You can build the QuPath Cellpose extension from source with

gradlew clean build

The output will be under build/libs.

  • clean removes anything old
  • build builds the QuPath extension as a .jar file and adds it to libs

Notes and debugging

Preprocessing your data, extracting Color Deconvolution stains

It has been useful to preprocess data to extract color-deconvolved channels feeding these to Cellpose, for example. This is where the preprocess() method is useful. Depending on the export, one might need to inform cellpose of which channel is to be considered nuclear and which channel cytoplasmic. The method cellposeChannels() helps to set the order, as in the example below.

def stains = getCurrentImageData().getColorDeconvolutionStains()
// ..
// .. builder is initialized before this line
.preprocess( ImageOps.Channels.deconvolve(stains),
             ImageOps.Channels.extract(0, 1) ) // 0 for HTX and 1 for DAB
. cellposeChannels(2, 1)                       // Use the second channel from the extracted image for the cytoplasm and the first channel for the nucleus in cellpose

Warn: No compatible writer found

So far we experienced the No compatible writer found issue in the following cases:

  1. The channel names were incorrect in the builder, so the image writer could not find the requested channels
  2. The rectangles were too close or beyond the edges of the image, so there were no pixels to export
  3. There were special characters in the file name, which caused it to fail.

Overlap

In case you end up with split detections, this is caused by the overlap calculation not being done correctly or by setting the .diameter() to 0 in order for cellpose to determine it automatically. In turn, this causes the QuPath extension to fail to extract tiles with sufficient overlap. Use setOverlap( int ) in the builder to set the overlap (in pixels) to a value 2x larger than the largest object you are segmenting.

To find the overlap

You can draw a line ROI across your largest object in QuPath and run the following one-line script

print "Selected Line length is " + Math.round(getSelectedObject().getROI().getLength()) + " pixels"

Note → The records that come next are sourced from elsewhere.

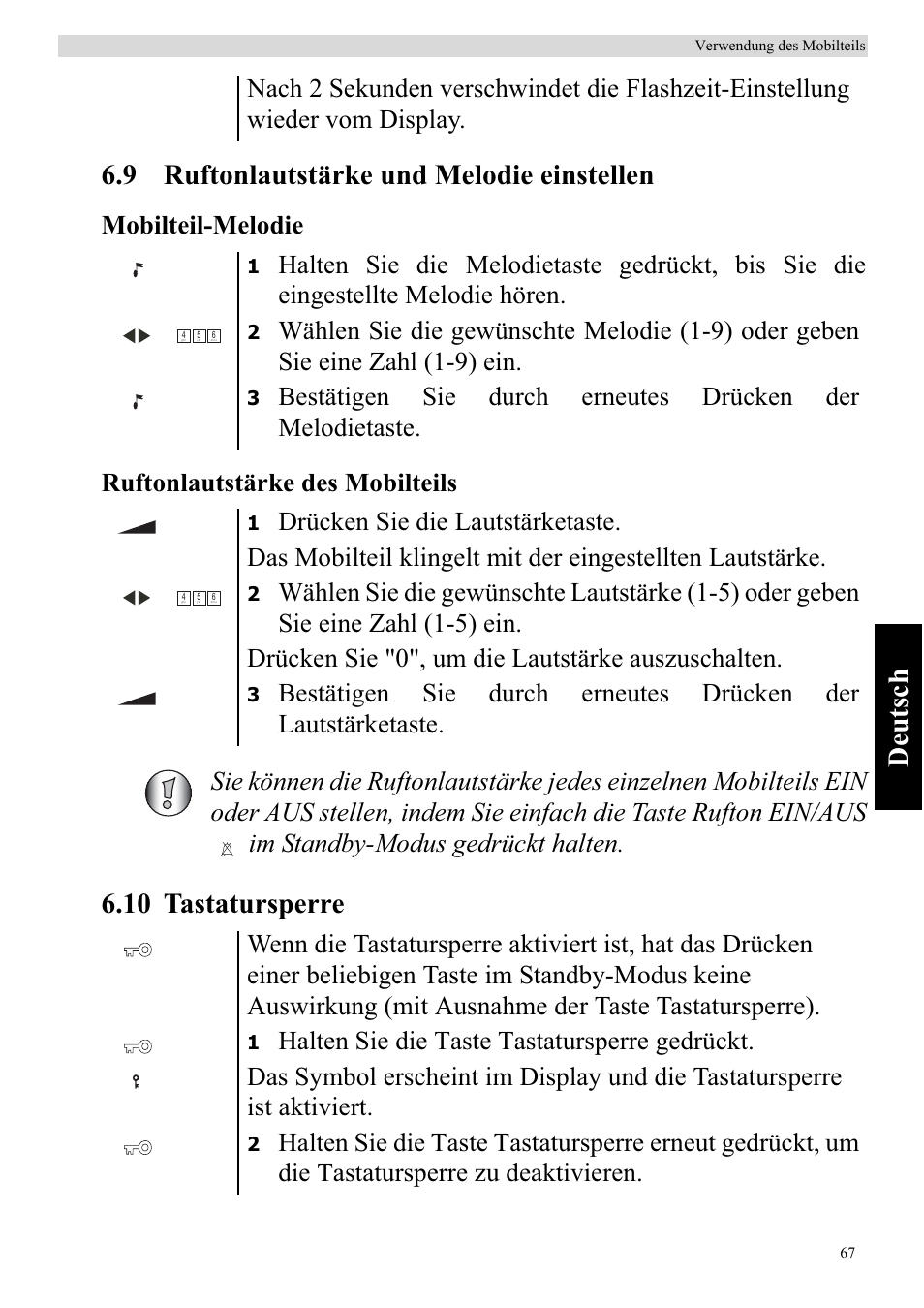 10 tastatursperre, Mobilteil-melodie ruftonlautstärke des mobilteils | Topcom BUTLER 920 User Manual | Page 69 / 100
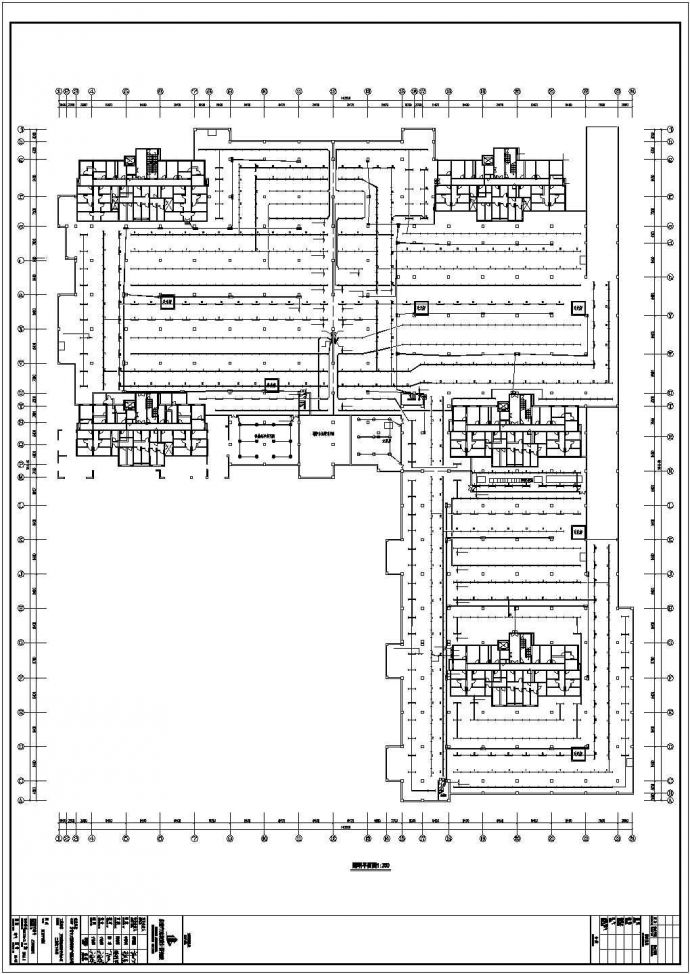 西安市某居住区5130平米地下车库全套电气系统设计CAD图纸_图1
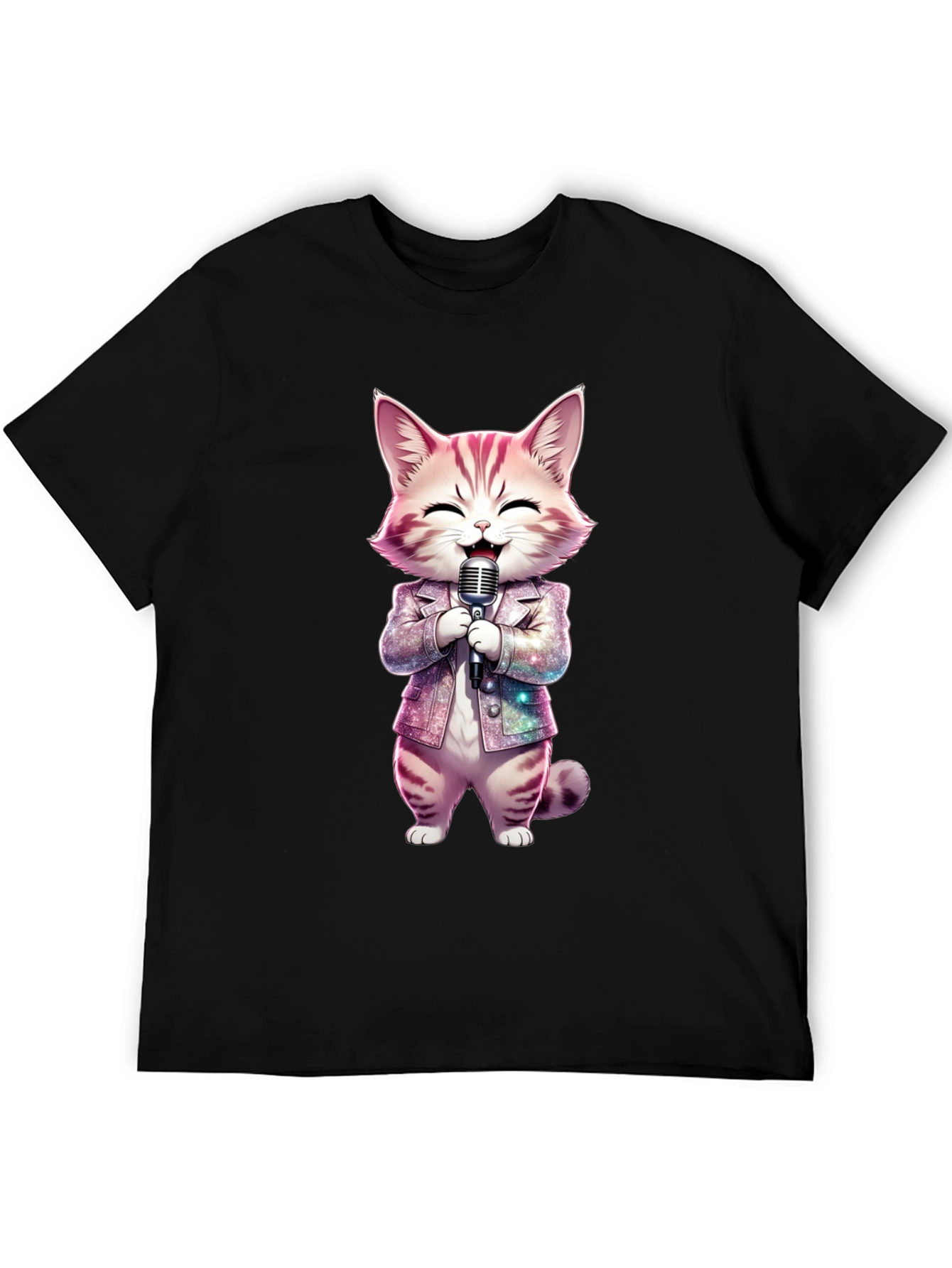 Singing Cat Graphic Tee - Funky Style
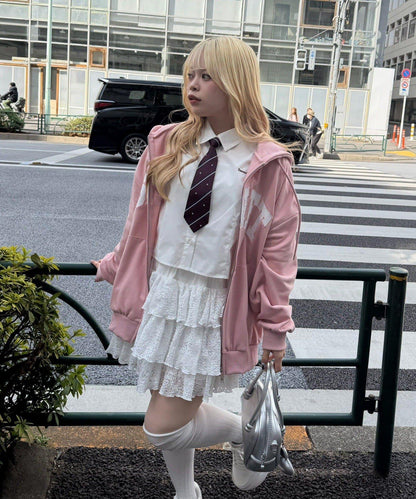 ANOTHER BRANCH 校園風附領帶襯衫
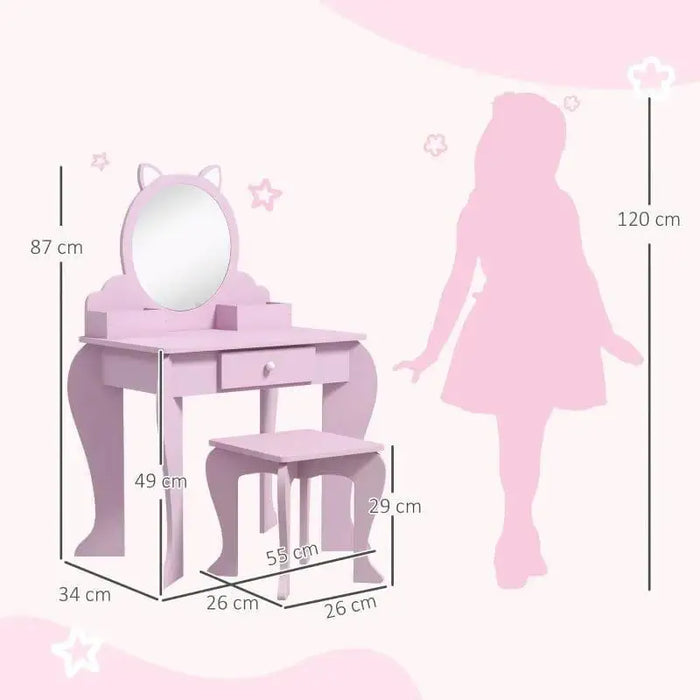 Pink kids vanity table set with cat-shaped mirror, matching stool, and size dimensions shown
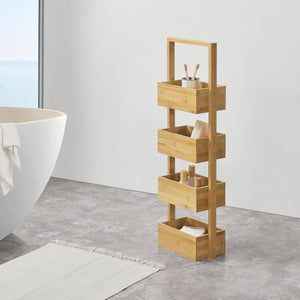 Étagère de salle de bain Bardu avec 4 compartiments de rangement 28x16x88cm Bambou [en.casa]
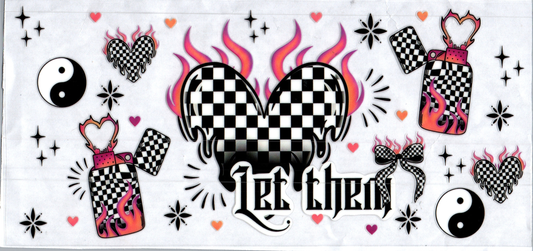 16oz Let Them black and white checkered Inspirational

Double whatever value is output from the script and use it in setOverlap( int ) in the builder.

Ubuntu Error 13: Permission Denied

As per this post here, there is a permissions issue when using Ubuntu, which does not allow Java's ProcessBuilder to run. The current workaround is to build QuPath from source in Ubuntu, which then allows the use of the ProcessBuilder, which is the magic piece of code that actually calls Cellpose.